JAKARTA - Kejaksaan Agung (Kejagung) mengungkap skandal suap besar-besaran yang melibatkan Ketua Pengadilan Negeri (PN) Jakarta Selatan, Muhammad Arif Nuryanta (MAN), dalam kasus korupsi ekspor minyak sawit mentah (Crude Palm Oil/CPO). MAN diduga menerima suap sebesar Rp60 miliar untuk mempengaruhi putusan lepas (ontslag) terhadap tiga korporasi sawit besar: PT Wilmar Group, PT Permata Hijau Group, dan PT Musim Mas Group.
Modus Suap dan Peran Para Tersangka
Direktur Penyidikan Jaksa Agung Muda Tindak Pidana Khusus (Jampidsus) Kejagung, Abdul Qohar, menjelaskan bahwa suap tersebut diberikan oleh dua advokat, Marcella Santoso (MS) dan Aryanto (AR), melalui panitera muda perdata PN Jakarta Utara, Wahyu Gunawan (WG), yang merupakan orang kepercayaan MAN.
"MAN diduga telah menerima uang suap sebesar Rp60 miliar dari tersangka MS dan AR selaku advokat untuk pengaturan putusan agar dijatuhkan ontslag," ujar Qohar dalam konferensi pers di Jakarta, Sabtu (12/4/2025) malam.

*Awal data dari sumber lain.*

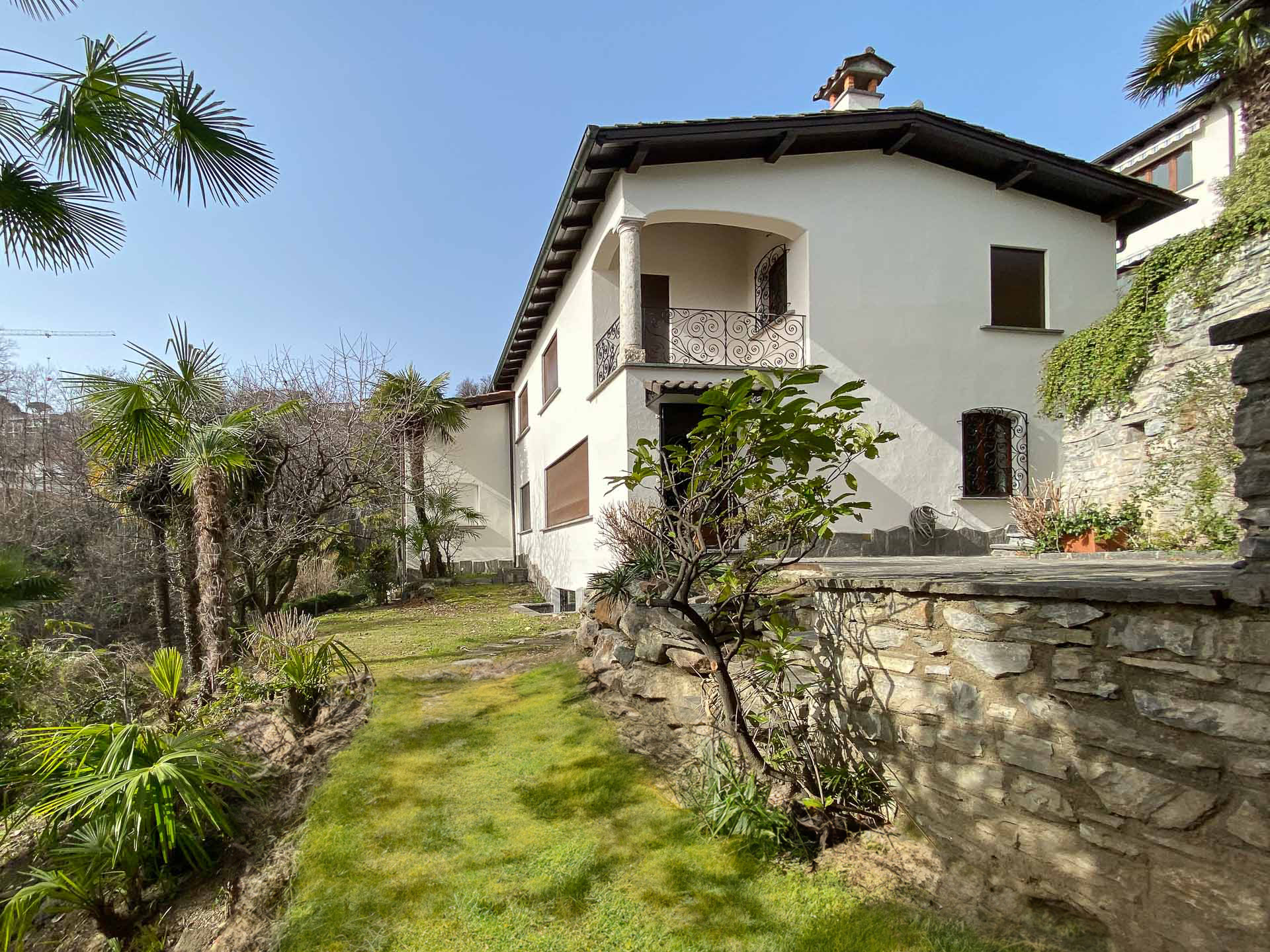 Casa unifamiliare con giardino in affitto a Canobbio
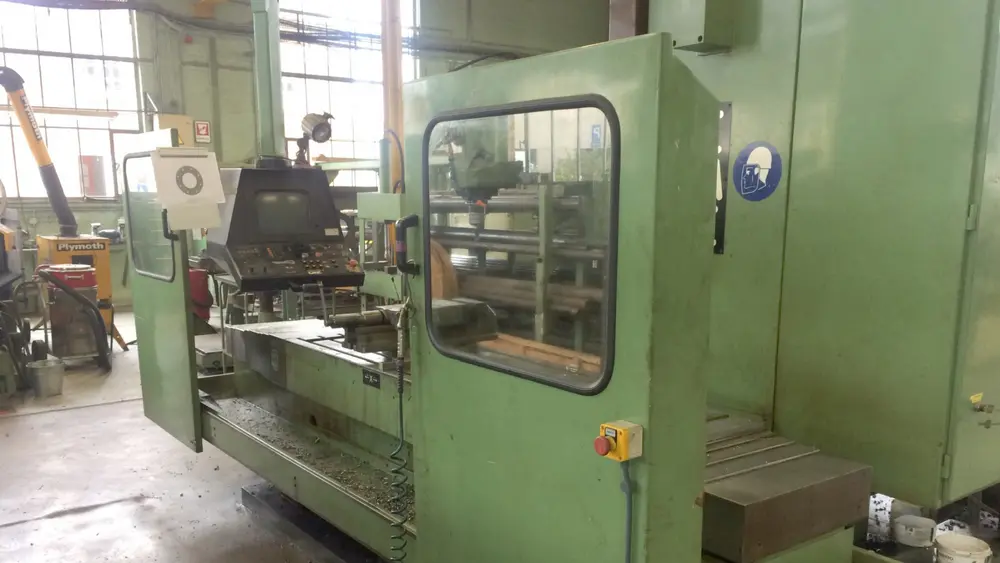 Voor de retrofit keek de operator op een klein scherm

Skema suap ini bertujuan agar majelis hakim di Pengadilan Tindak Pidana Korupsi (Tipikor) pada PN Jakarta Pusat menjatuhkan putusan lepas terhadap tiga korporasi sawit yang menjadi terdakwa dalam kasus korupsi fasilitas ekspor CPO.
Putusan Lepas dan Kejanggalannya
Pada 19 Maret 2025, majelis hakim yang terdiri dari Ketua Hakim Djuyamto dan hakim anggota Ali Muhtarom serta Agam Syarief Baharudin, memutuskan bahwa ketiga korporasi tersebut terbukti melakukan perbuatan sesuai dakwaan jaksa, namun menyatakan perbuatan itu bukan merupakan tindak pidana, sehingga dijatuhkan putusan lepas (ontslag).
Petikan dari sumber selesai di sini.